§ **Source material**:
================

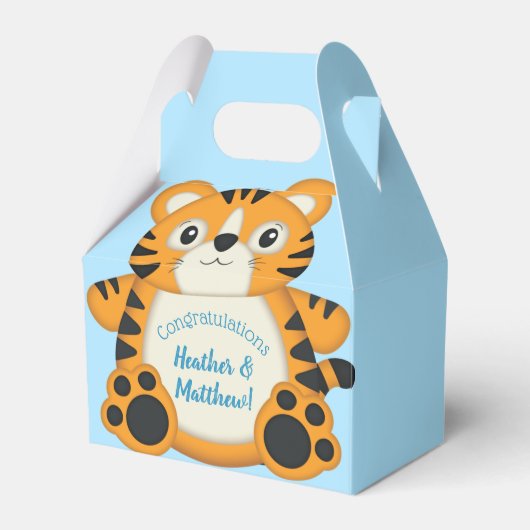 Tijger Baby shower Blue Bedankdoosjes (Voorkant Zijde)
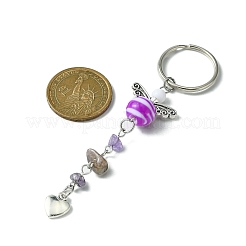 Gemstone Chip & Alloy Heart Pendant Keychain with Acrylic Beads&nbsp;KEYC-JKC00538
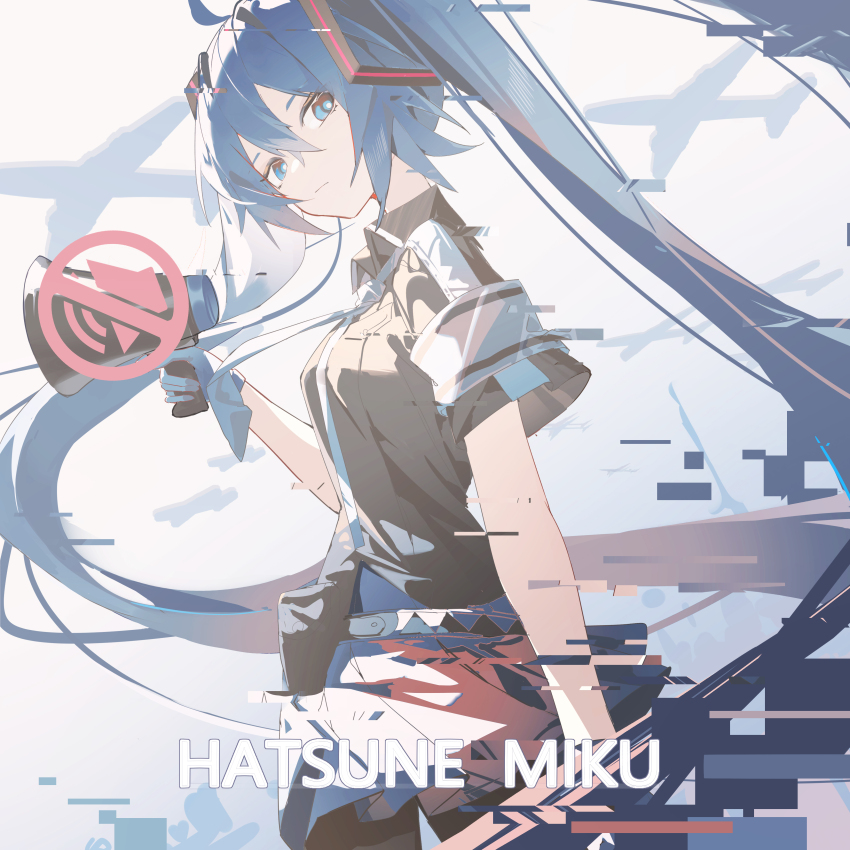 1girl absurdres ahoge black_shirt blue_eyes blue_hair character_name closed_mouth collared_shirt commentary glitch hair_between_eyes hatsune_miku highres holding holding_megaphone koi_wa_sensou_(vocaloid) long_hair looking_at_viewer megaphone no_symbol pleated_skirt qtian shirt skirt solo twintails very_long_hair vocaloid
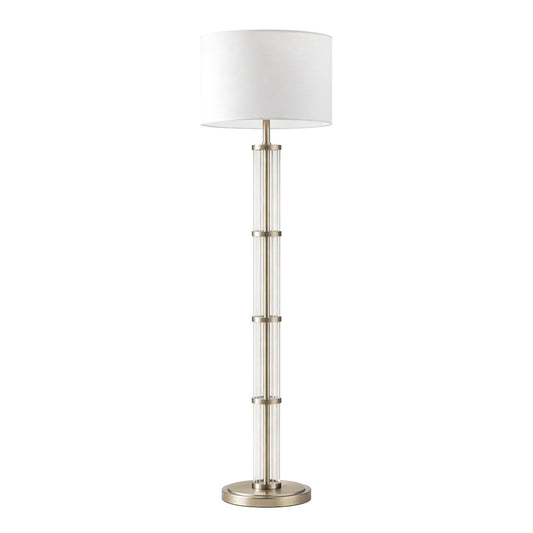 Nimbus Brushed Nickel Floor Lamp with 3-Way Rotary Switch Clear Glass Body  Metal Base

================

What you return must match the material above exactly, minus its pictures.

§ **Response to this exercise**:
 Tijger Baby shower Blue Bedankdoosjes (Voorkant Zijde)
 Gemstone Chip & Alloy Heart Pendant Keychain with Acrylic Beads&nbsp;KEYC-JKC00538
 1girl absurdres ahoge black_shirt blue_eyes blue_hair character_name closed_mouth collared_shirt commentary glitch hair_between_eyes hatsune_miku highres holding holding_megaphone koi_wa_sensou_(vocaloid) long_hair looking_at_viewer megaphone no_symbol pleated_skirt qtian shirt skirt solo twintails very_long_hair vocaloid
 Nimbus Brushed Nickel Floor Lamp with 3-Way Rotary Switch Clear Glass Body  Metal Base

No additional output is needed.